Cos'è un'Allerta Gialla?
Il SMN emette un'allerta gialla quando un fenomeno meteorologico ha il potenziale di causare danni e rischi moderati. In questo caso, sono previste nevicate persistenti con accumuli tra 15 e 25 centimetri di neve, che potrebbero essere superati localmente in alcune aree.
Cronogramma delle precipitazioni
- Dalle prime ore del mattino: La neve avanzerà da Malargüe (a sud) verso il resto della provincia.
- Mattina: Si prevede che raggiunga la Valle de Uco, l'ovest del Gran Mendoza (Luján de Cuyo, Potrerillos) e l'ovest di San Rafael.

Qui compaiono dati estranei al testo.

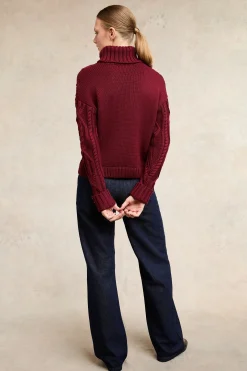 Noveli Cable Knit (Wine)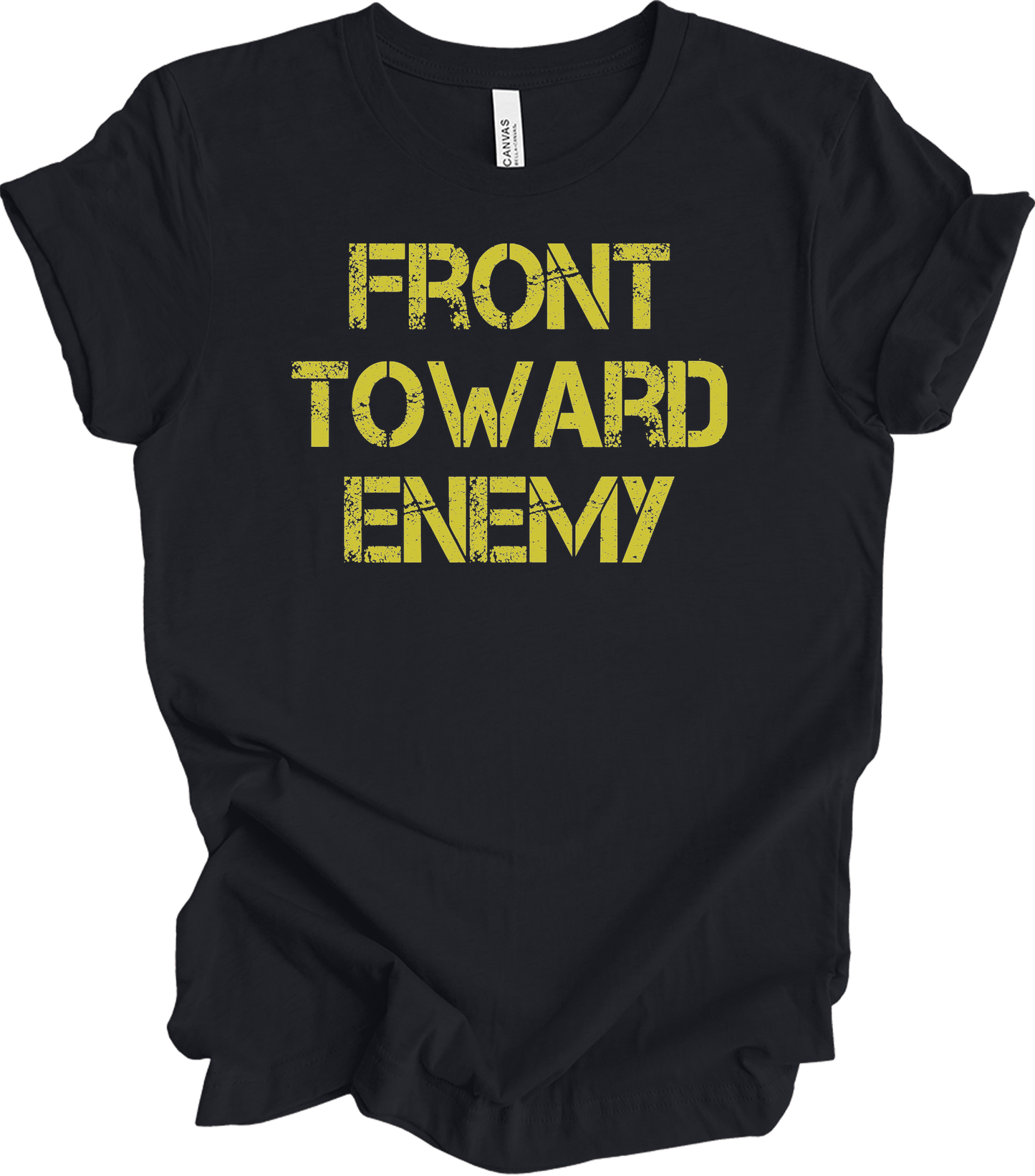 Front Toward Enemy T-Shirt in Vintage Black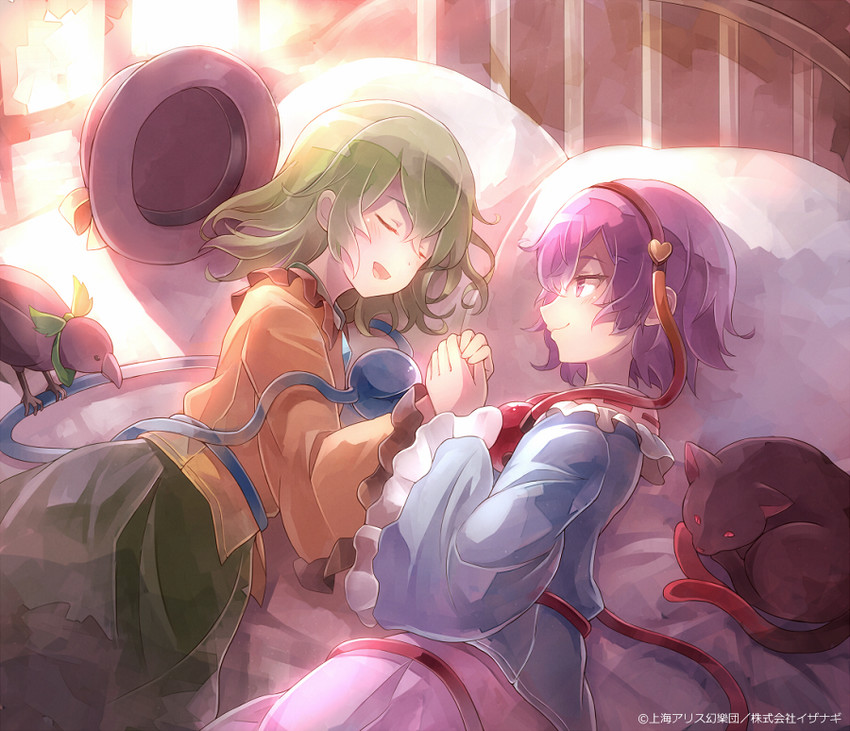 komeiji koishi, komeiji satori, kaenbyou rin, and reiuji utsuho (touhou) drawn by 60mai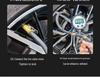 High-Precision Car Tire Pressure Gauge with Inflation Gun & Copper Quick Connector for Auto Repair Shops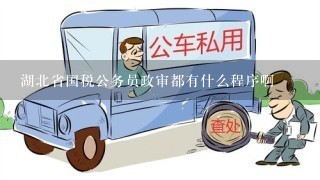 湖北省国税公务员政审都有什么程序啊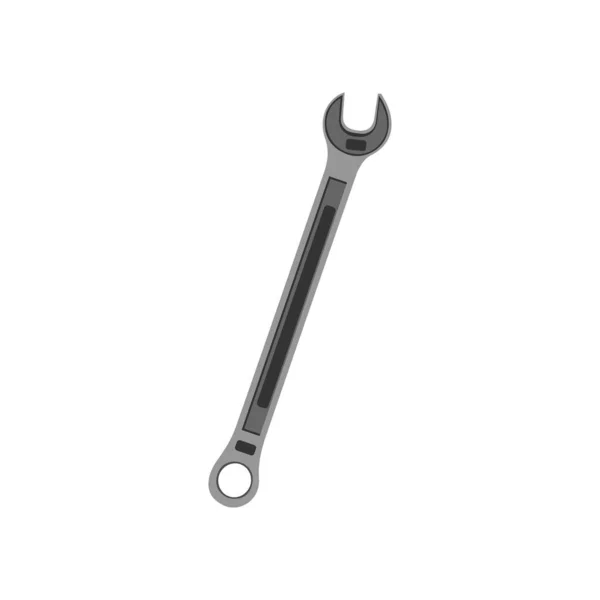 Cartoon Wrench Tool Vector Illustration — Stock Vector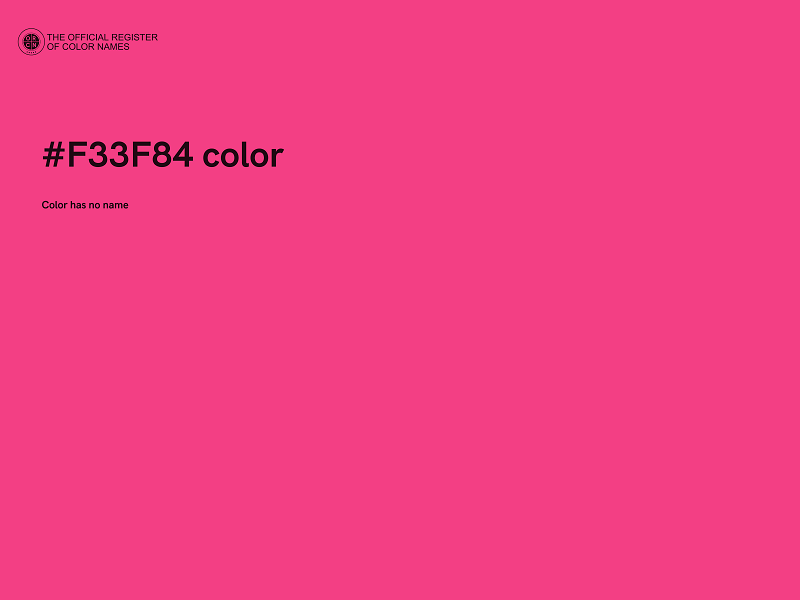 #F33F84 color image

- Ora di picco: Nel Gran Mendoza (l'area metropolitana della capitale), il fenomeno potrebbe estendersi fino alle 07:00 o 08:00 del mattino.
- Pomeriggio: Le nevicate perderanno intensità e si concentreranno quasi esclusivamente a Malargüe.
Zone sotto allerta
L'allerta vale per diversi dipartimenti a seconda dell'orario:
| Periodo | Zone Affette |
|---|---|
| Mattino e Mattina | Junín, Rivadavia, Valli di Luján de Cuyo, San Carlos, Tunuyán e Tupungato, General Alvear, zone basse di San Rafael e Malargüe. |
| Solo Mattino | Cordigliera di San Carlos e Tunuyán, Capital, Godoy Cruz, Guaymallén e Maipú. |
Temperature sotto zero
Il freddo sarà il grande protagonista. Nella pianura, le massime oscilleranno tra 8°C e 12°C. Le minime saranno rigide: si prevedono -5°C a Malargüe, -3°C nella Valle de Uco, e tra 0°C e 2°C nel Gran Mendoza. I venti rimarranno deboli e costanti dal settore est-sudest.
Raccomandazioni e contesto
Per godere di questo bellissimo paesaggio invernale in sicurezza, si raccomanda di mantenersi al caldo e di evitare spostamenti non necessari nelle zone colpite. Come contesto aggiuntivo, la Direzione Generale delle Scuole (DGE) di Mendoza ha sospeso le lezioni in presenza del turno mattutino in diverse zone a causa delle nevicate. Inoltre, il Valico del Cristo Redentore (il principale passaggio di frontiera con il Cile) risulta chiuso a causa di venti tra i 100 e i 160 km/h.
Fonti consultate: Mendoza Post, Diario El Sol, TN, Los Andes, MDZ.